§ INSTRUCTIONS FOR THE TASK:
The required output is the stretch from the line containing "thumbnail image 2" through the line containing "Oval Rose Cut Black Diamond Ring" in the records below, unaltered and with no pictures.

========

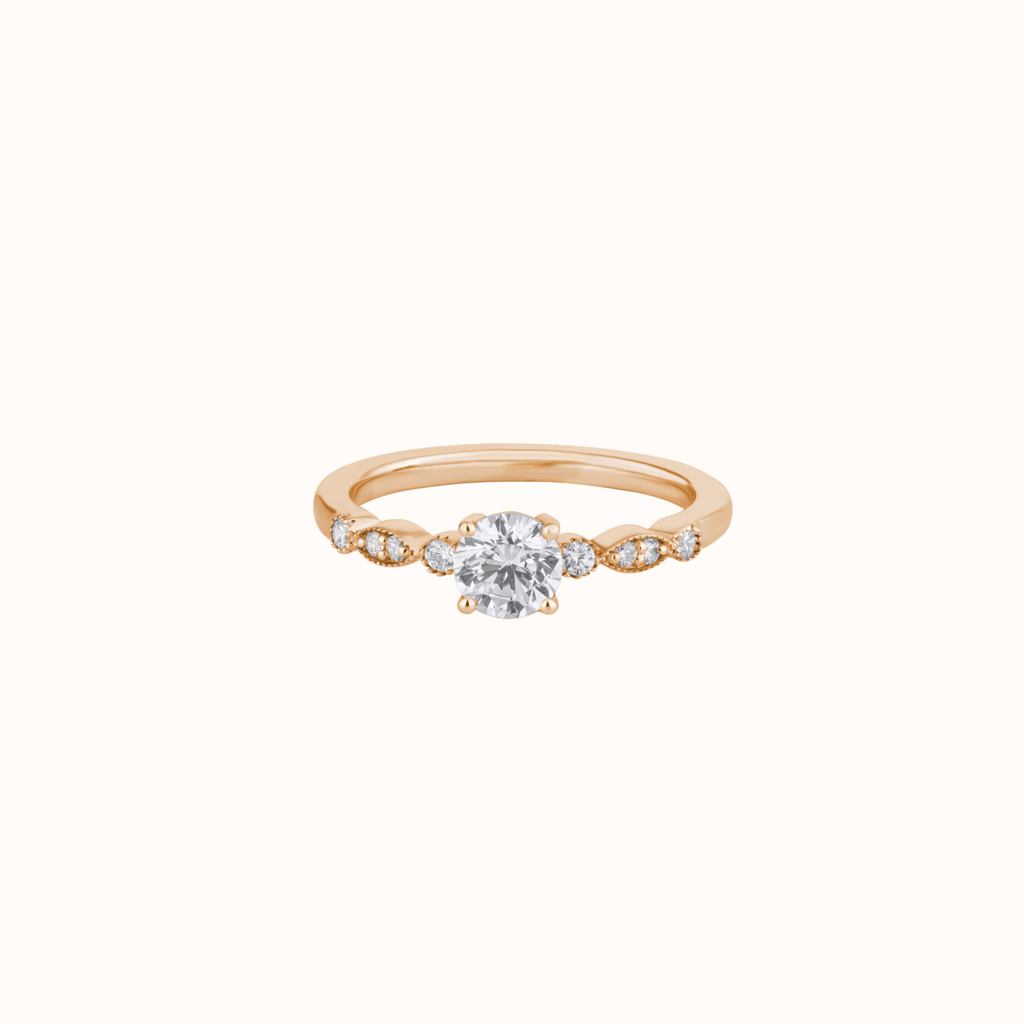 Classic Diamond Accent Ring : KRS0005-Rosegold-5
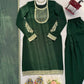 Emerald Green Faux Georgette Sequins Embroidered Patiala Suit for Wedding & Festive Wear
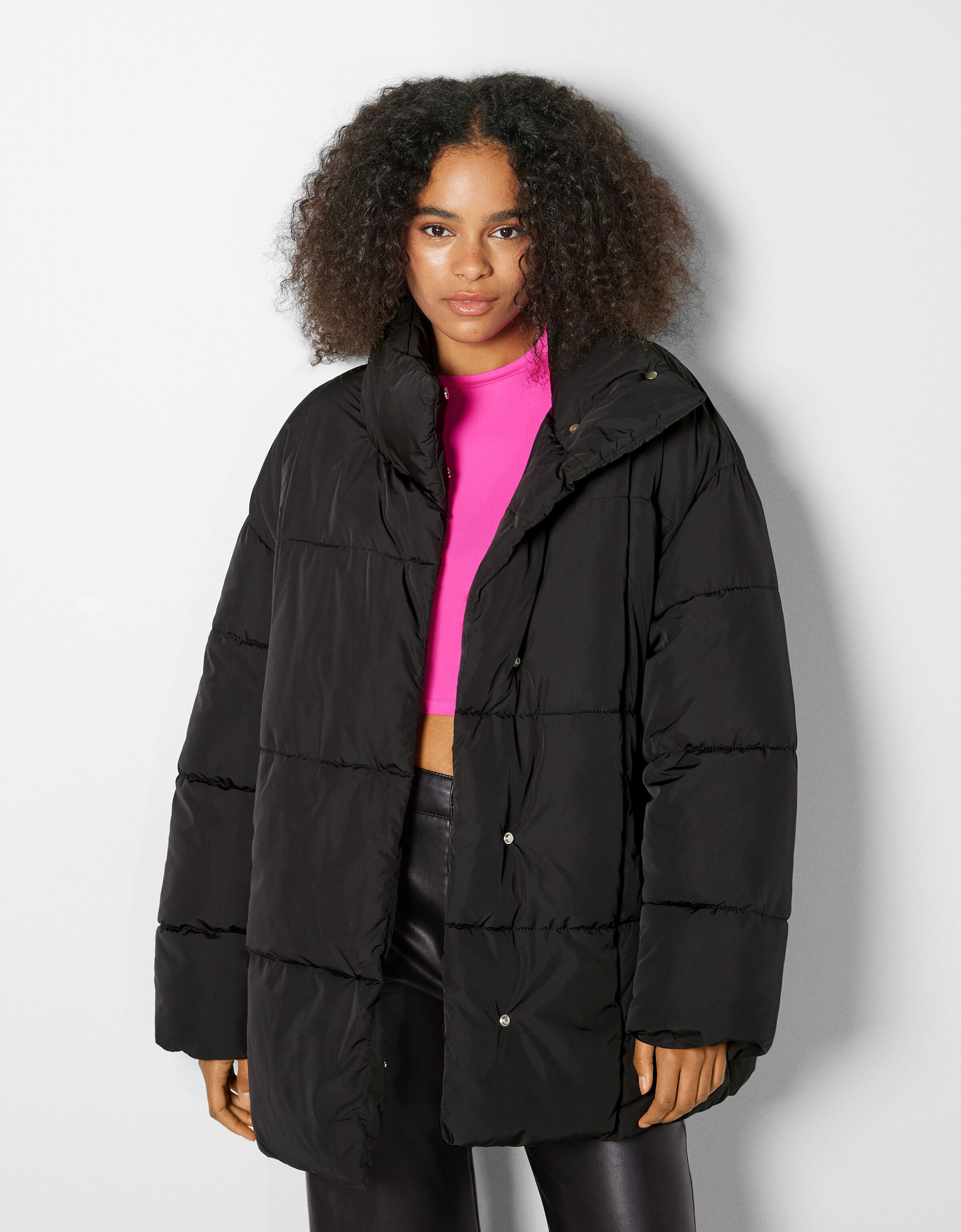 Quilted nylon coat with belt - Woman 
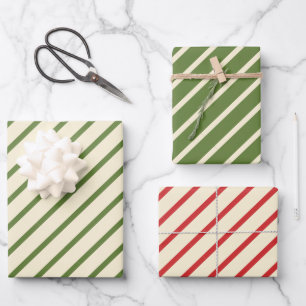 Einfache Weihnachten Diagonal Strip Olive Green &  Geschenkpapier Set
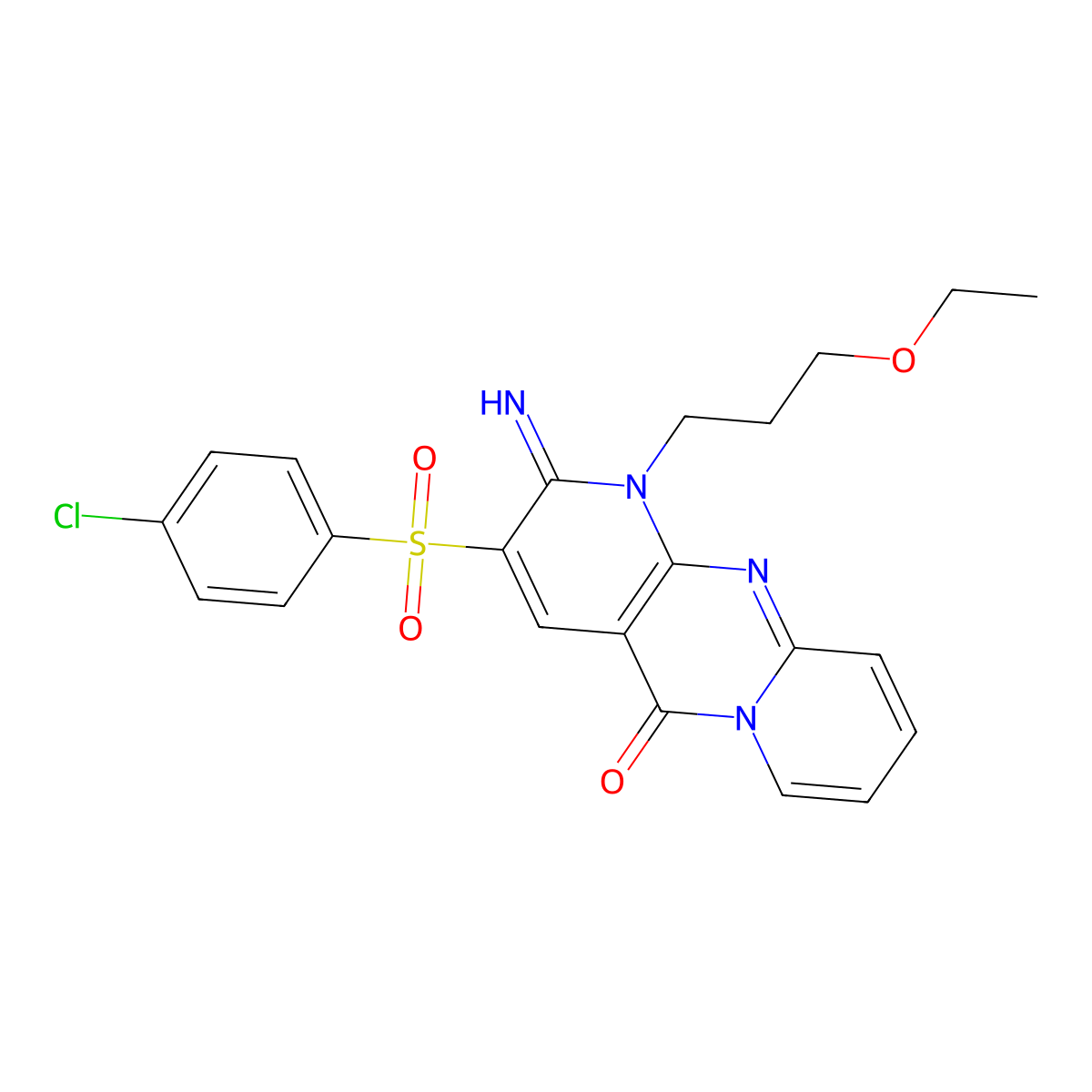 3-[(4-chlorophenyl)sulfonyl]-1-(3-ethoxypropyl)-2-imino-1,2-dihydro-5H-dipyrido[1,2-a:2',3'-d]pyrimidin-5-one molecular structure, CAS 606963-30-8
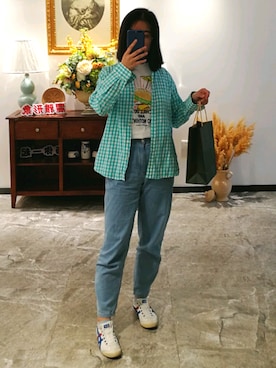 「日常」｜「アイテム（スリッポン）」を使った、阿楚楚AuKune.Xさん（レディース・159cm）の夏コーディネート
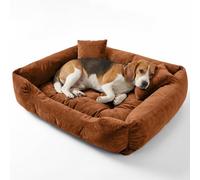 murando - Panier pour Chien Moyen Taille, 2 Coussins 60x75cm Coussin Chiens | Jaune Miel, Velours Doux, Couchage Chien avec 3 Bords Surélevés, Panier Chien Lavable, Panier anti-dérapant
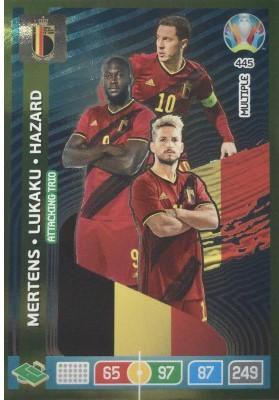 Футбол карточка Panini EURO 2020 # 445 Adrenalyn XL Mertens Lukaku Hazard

========

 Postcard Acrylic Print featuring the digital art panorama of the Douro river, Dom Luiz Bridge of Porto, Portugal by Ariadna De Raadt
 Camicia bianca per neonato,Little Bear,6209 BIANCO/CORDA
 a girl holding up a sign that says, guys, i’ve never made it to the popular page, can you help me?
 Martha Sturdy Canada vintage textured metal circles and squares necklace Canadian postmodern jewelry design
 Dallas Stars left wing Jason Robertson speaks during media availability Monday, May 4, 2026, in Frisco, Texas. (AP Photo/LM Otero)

========

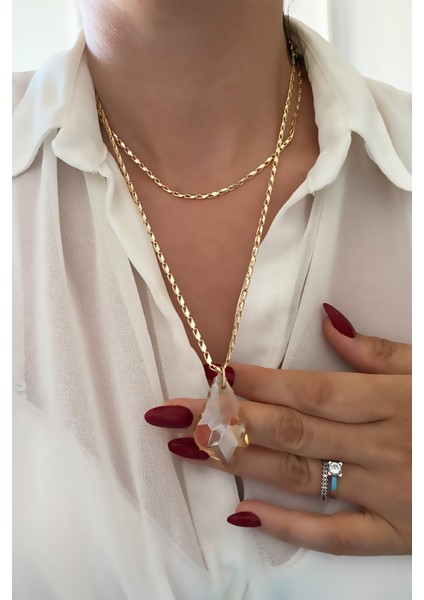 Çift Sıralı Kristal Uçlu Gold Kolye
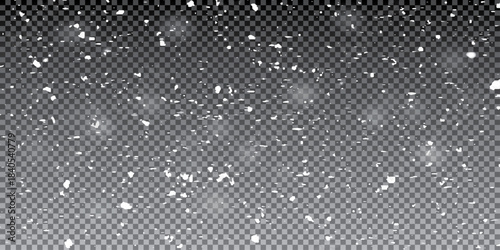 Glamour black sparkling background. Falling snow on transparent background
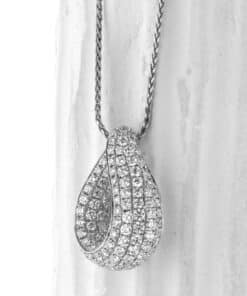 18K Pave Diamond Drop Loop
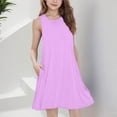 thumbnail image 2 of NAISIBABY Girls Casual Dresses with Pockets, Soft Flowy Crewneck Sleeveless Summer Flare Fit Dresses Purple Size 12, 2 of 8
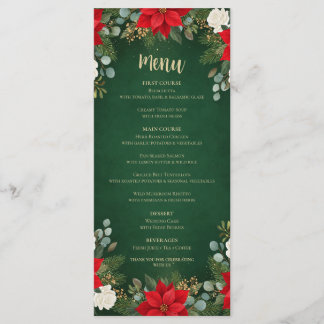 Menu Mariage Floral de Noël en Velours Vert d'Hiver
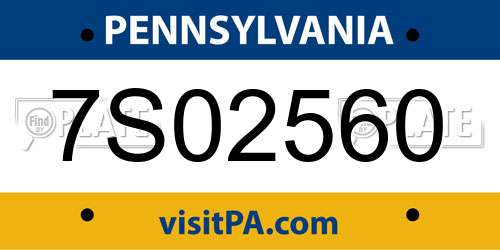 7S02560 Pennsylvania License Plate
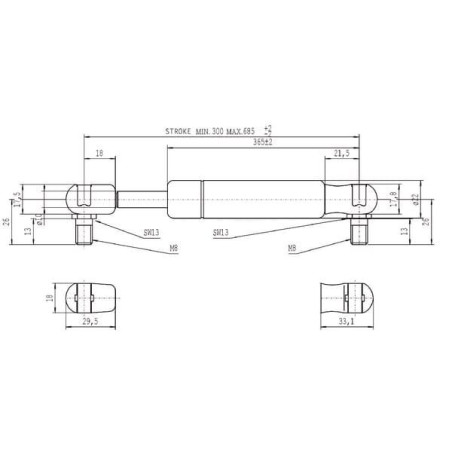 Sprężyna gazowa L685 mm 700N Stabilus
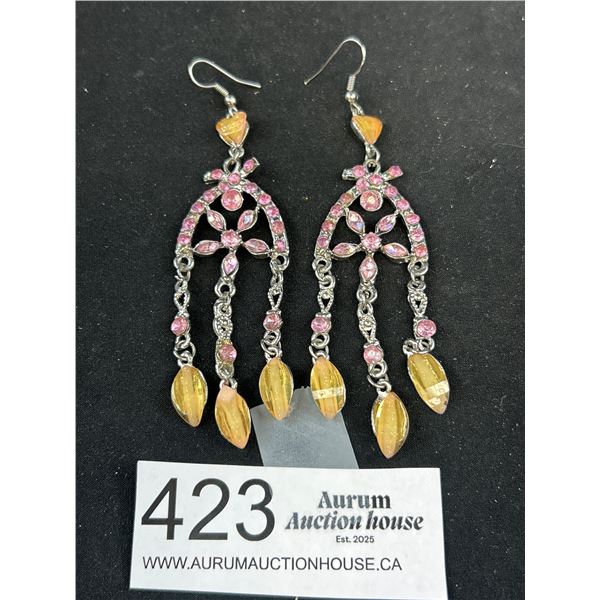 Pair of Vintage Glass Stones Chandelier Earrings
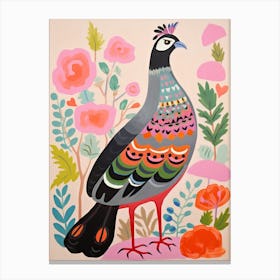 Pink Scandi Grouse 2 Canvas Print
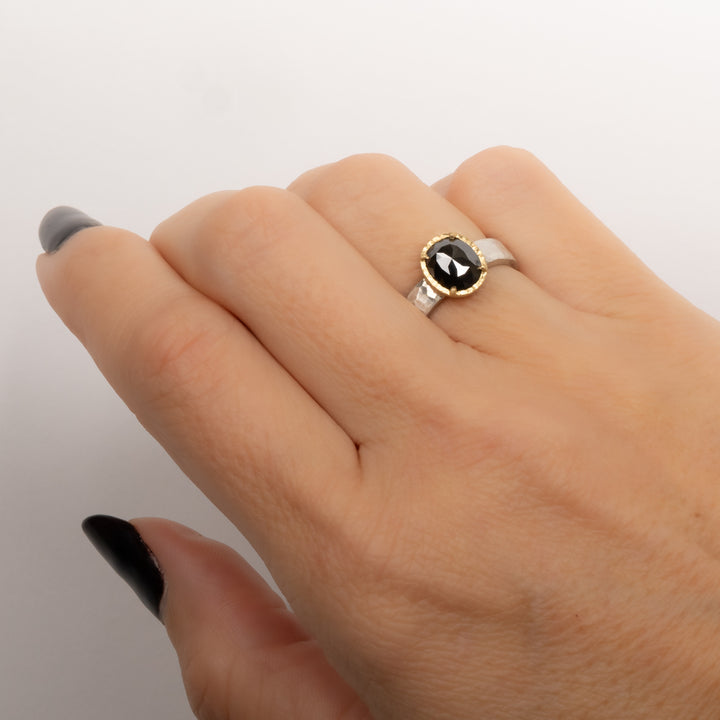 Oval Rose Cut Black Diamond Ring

========

§ TASK RESPONSE:
 thumbnail image 2 of NAISIBABY Girls Casual Dresses with Pockets, Soft Flowy Crewneck Sleeveless Summer Flare Fit Dresses Purple Size 12, 2 of 8
 Menu Mariage Floral de Noël en Velours Vert d'Hiver
 7S02560 Pennsylvania License Plate
 Sprężyna gazowa L685 mm 700N Stabilus
 Pair of Vintage Glass Stones Chandelier Earrings
 Pink Scandi Grouse 2 Canvas Print
 Oval Rose Cut Black Diamond Ring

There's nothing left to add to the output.